Miller v. General Motors Corp.

MEMORANDUM AND ORDER

MURRIAN, United States Magistrate Judge.

All pretrial non-dispositive motions have been referred to the undersigned pursuant to 28 U.S.C. § 636(b), Fed.R.Civ.P. 73(a), and the Rules of this Court. Pursuant to an order filed February 25, 2000, a hearing on the following motions was conducted on March 10, 2000:

1. Plaintiffs’ motion for entry of a sharing protective order [Doc. 12];

2. General Motors’ motion for a protective order regarding the litigation study [Doc. 16]; and

3. Plaintiffs’ motion to compel discovery [Doc. 19],

These matters will be taken up in the order indicated.

I.

There was general agreement on the terms of a protective order regarding confidential information drafted by the undersigned which was sent to counsel by facsimile transmission prior to the hearing. That order will be entered separately. Defendant General Motors Corporation (“General Mo*231tors”) disagrees with two points within that protective order. General Motors believes that it should be given advance notification as to each document to be shared with other attorneys by Bates number and an affidavit from the plaintiffs’ attorney with whom documents are shared pursuant to the terms of the protective order. The undersigned declined to impose this restriction in the protective order. Certainly, General Motors’ attorneys who may be defending similar cases across the country are not required to tell plaintiffs’ attorneys what documents they are sharing in order to defend lawsuits of this type. Identifying the specific documents shared would invade an attorney’s work product qualified privilege and would also encourage the sharing attorneys to share more documents than were necessary in order to provide “cover.” Pursuant to the terms of the protective order that was entered, General Motors will be able to ascertain at the conclusion of this litigation exactly who plaintiffs’ counsel shared documents with. Furthermore, the protective order provides for control over the documents in that shared documents must be returned to plaintiffs’ counsel at the conclusion of the litigation for which the documents were requested pursuant to paragraph 3(f) of the protective order. Additionally, since General Motors will not know during the pendency of this litigation the attorneys who might be recipients of shared information, this will encourage General Motors to be careful with regard to completeness and uniformity of its production of discovery in all similar cases.

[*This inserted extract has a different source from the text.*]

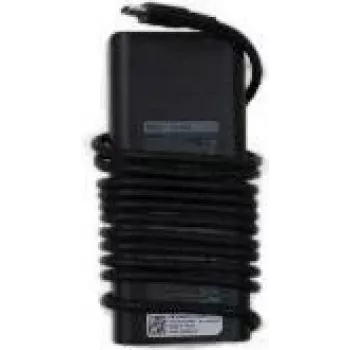 AC-adapter Dell 492-BCWX 65W USB USB-C toiteplokk sülearvutitele ja ühilduvatele seadmetele
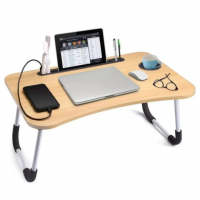 Mesa Dobrável Para Notebook Ergonômica Para Cama e Sofá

Additionally, General Motors sought a provision in the protective order that would have prohibited the sharing of documents that were deemed privileged in the litigation for which shared documents were sought. For example, a plaintiffs attorney handling a similar case in another city, according to General Motors, should not be able to obtain shared documents from this litigation which have been declared privileged in the litigation for which the shared document or documents are sought. The undersigned declined to include such a provision in the protective order mainly on practical grounds. First of all, the requesting lawyer may not have a ruling from the court in that jurisdiction with regard to whether or not the document was privileged until later in the litigation and after he has sought and received shared information. Furthermore, even if he received such information, it will not be usable in the case where the court has declared it privileged. Also, pursuant to paragraph 8 of the protective order, General Motors does not waive or give up any right it has to claim privilege in any litigation.

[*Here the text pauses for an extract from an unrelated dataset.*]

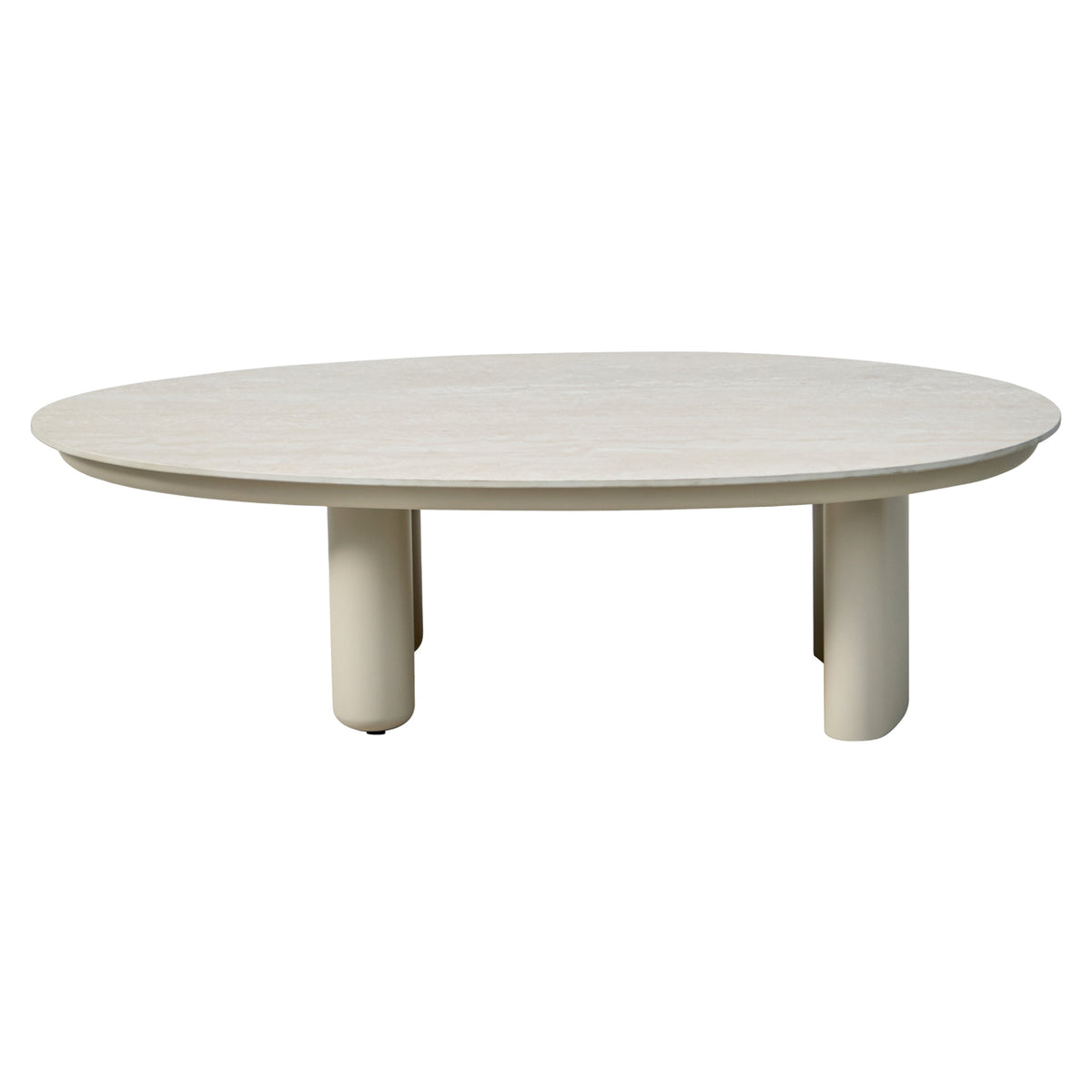Outdoor coffee table Vêndome beige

For the reasons indicated, the plaintiffs’ motion for adjudication of a sharing protective order is hereby GRANTED.

II.

General Motors’ motion for protective order regarding what it terms as the litigation study was not decided at the time of the hearing. General Motors represents that this involves approximately 3400 documents for which General Motors makes claims of attorney-client privilege and/or work product qualified privilege. The parties agree that it will be necessary for the undersigned to review many of these documents, or at least categories of documents, in order to rule on this motion. Accordingly, a hearing was scheduled for Monday, May 1, 2000, at 9:00 a.m. The parties are directed to take the following actions in preparation for that hearing:

1. General Motors will serve on plaintiffs’ counsel a privilege log as required pursuant to Fed.R.Civ.P. 26(b)(5) on or before March 17, 2000.

2. On or before March 31, 2000, plaintiffs’ counsel shall notify General Motors’ counsel in writing with regard to those documents which are no longer requested to be produced in light of the disclosures made in the privilege log.

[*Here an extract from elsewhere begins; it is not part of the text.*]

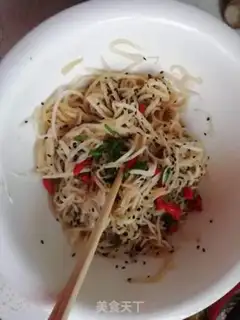 Make The radish step 5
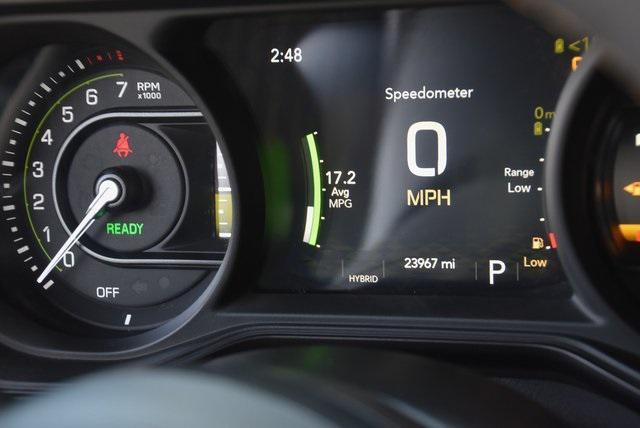 used 2024 Jeep Wrangler 4xe car, priced at $33,999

3. On or before April 7, 2000, General Motors is granted leave to file under seal the documents that will be reviewed at the hearing set for May 1, 2000.

4. Not later than three (3) working days prior to the hearing, counsel for General Motors shall serve and file any additional affidavits which General Motors intends to use to support its claim of privilege as to one or more of the *232documents in question. General Motors shall also produce on May 1, 2000, at 9:00 a.m., any witnesses it believes necessary to establish its claim of attorney-client or work-product privilege as to one or more of the subject documents.

5. At the hearing, General Motors shall have the burden of proving that the privilege exists as to each document and that it has not been waived. That burden cannot be met by statements, arguments or assertions of counsel. To meet it, there should be testimony from a witness or witnesses or by way of affidavits which are already in the file or which are produced in accordance with paragraph 4 above from an affiant or affiants with first hand knowledge setting forth and establishing all elements of the attorney-client or work-product qualified privilege as to each document and that no waiver has occurred. The privilege log, any affidavits, and any testimony given in connection with the hearing shall not be received on an ex parte or sealed basis.

6. Trial counsel for all parties with full authority shall be present at the hearing. Proceedings will be in open court. The undersigned will examine the documents in the presence of counsel and any parties who may be present in order that questions might be asked about particular documents and evidence heard and considered as to each document. Counsel for the plaintiffs may pose questions for the undersigned to ask about documents although they will not have access to the documents themselves, of course, during the process of the in camera review.

7. If the undersigned determines that a document is work product, the burden will then shift to the plaintiffs to demonstrate, if they can, substantial need and undue hardship as to any such document. The undersigned will be inclined to give plaintiffs additional time if necessary to produce affidavits or witnesses to meet this burden since the plaintiffs will have little warning of its duty to meet this burden until the time of the hearing itself.

8. Any documents which the undersigned determines not to be privileged, will not be revealed to plaintiffs’ counsel immediately, but rather only after the defendant General Motors has had an opportunity to appeal the ruling to the district judge. Fed.R.Civ.P. 72(a).

There is a dispute in this case about whether the law of Tennessee or the law of Michigan controls with regard to the claims of attorney-client privilege. The undersigned will deal with that and the question of what law applies to the qualified work product privilege in separate memorandum and order which shall be filed well in advance of the May 1 hearing.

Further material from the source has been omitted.